The Department of Human Health Services (DHHS) and the WHO [
10] have guidelines on which ARV regimens to use for initial and second-line therapy of HIV-1-infected patients. However, many clinical scenarios are not addressed by these guidelines including the management of (i) patients who began ARV therapy with suboptimal regimens – a problem particularly common in the U.S., Europe in the past, and many middle income countries where previously available ARVs were considerably less potent and drugs were used as they became available rather than as part of a national treatment program, (ii) patients with transmitted resistance, and (iii) heavily treated patients and patients whose viruses have complex patterns of drug-resistance mutations.

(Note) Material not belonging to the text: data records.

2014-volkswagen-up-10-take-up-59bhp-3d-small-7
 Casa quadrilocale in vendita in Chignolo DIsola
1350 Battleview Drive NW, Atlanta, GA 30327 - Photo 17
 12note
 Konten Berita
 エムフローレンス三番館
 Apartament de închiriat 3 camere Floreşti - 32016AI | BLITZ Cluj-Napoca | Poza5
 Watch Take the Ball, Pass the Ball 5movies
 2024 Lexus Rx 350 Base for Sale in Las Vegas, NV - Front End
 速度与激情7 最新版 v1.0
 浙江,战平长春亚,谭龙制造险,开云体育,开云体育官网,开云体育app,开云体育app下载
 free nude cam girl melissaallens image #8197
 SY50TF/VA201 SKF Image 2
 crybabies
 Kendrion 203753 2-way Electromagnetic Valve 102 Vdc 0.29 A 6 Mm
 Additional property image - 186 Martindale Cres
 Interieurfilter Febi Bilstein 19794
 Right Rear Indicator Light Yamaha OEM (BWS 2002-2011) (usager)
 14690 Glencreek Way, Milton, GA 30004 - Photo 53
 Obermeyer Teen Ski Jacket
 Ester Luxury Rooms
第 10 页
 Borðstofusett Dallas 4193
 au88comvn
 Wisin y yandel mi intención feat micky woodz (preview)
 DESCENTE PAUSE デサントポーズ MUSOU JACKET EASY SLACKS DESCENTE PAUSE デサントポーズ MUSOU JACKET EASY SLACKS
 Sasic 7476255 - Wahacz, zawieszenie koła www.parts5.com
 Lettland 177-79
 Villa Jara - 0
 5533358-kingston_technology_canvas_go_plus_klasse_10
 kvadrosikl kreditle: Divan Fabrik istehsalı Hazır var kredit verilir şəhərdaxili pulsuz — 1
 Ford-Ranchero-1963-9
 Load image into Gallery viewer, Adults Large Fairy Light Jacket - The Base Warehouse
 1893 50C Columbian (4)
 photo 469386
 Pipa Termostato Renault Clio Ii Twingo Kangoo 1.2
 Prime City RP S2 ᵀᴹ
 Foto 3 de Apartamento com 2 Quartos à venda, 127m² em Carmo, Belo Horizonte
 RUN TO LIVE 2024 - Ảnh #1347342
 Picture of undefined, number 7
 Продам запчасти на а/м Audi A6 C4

The difficulty of recommending therapy for such patients has motivated researchers to study how pre-treatment characteristics influence the response to a change in ARV therapy. Indeed, there have been many studies correlating the presence of baseline ARV-resistance mutations with the response to a new ARV regimen while accounting for essential covariates such as past treatment history, baseline plasma HIV-1 RNA levels, and baseline CD4+ counts. Such studies, however, often differ in their inclusion criteria (i.e. past ARV treatments, timing of plasma HIV-1 RNA levels and genotypic resistance data), salvage therapy requirements [
11-
18], and definition of virological response. For example, some studies define virological response by the extent of reduction in plasma HIV-1 RNA levels, whereas others define it as the suppression of plasma HIV-1 RNA levels below the limits of quantification [
19,
20]. Most of studies have examined plasma HIV-1 RNA levels at fixed time points, whereas an approach based on time to virological failure has been recently proposed [
21].
A standardized representation of data such as that found in the TCE XML Schema makes it possible to apply uniform inclusion and virological endpoint criteria across TCEs from different studies. The combined data can be analyzed for three purposes (i) to reproduce prior results, (ii) to apply and test new analytic methods, and (iii) to generate or test new hypotheses. Many tools are available to validate and transform the contents of XML Schema documents. XML Schemas therefore ensure that the data are represented consistently and can be readily integrated into different applications.
Studies of TCEs typically do not analyze the complete treatment history of a patient. Rather these studies parameterize essential features of the patient’s past ARV exposures. This condensed treatment history combined with the response to a new therapy was called a “treatment-change episode” (TCE) by Larder et al. of the Resistance Database Initiative (RDI) [
22]. The TCE XML Schema is therefore much less complex than the relational database implemented by the HIV Cohort Data Exchange Protocol (HICDEP) [
23]. Moreover, the fact that the TCE XML Schema does not require demographic or epidemiologic data and allows relative (rather than absolute) dates makes it impossible to identify individual patients or clinics [
24].
The TCE XML suite comprises four medical informatics tools: (1) The XML Schema; (2) The TCE Viewer, an online program that creates a graphical representation of data in the XML document; (3) The TCE Repository, which provides the proof-of-concept that the TCE XML Schema can be used to exchange data from multiple clinics; and (4) The TCE Finder, a search engine to identify TCEs meeting specific criteria. The TCE XML suite is useful for comparing genotypic resistance interpretations and hypothesis generation and testing. It should therefore be distinguished from ongoing projects designed to optimize therapy for individual patients such as RDI’s HIV Treatment Response Prediction System (TREPS) [
22] and Genafor’s Theo [
25]. However, because the data in the TCE Repository is publicly available it can be used to increase the training sets for machine learning systems such as Theo and TREPS.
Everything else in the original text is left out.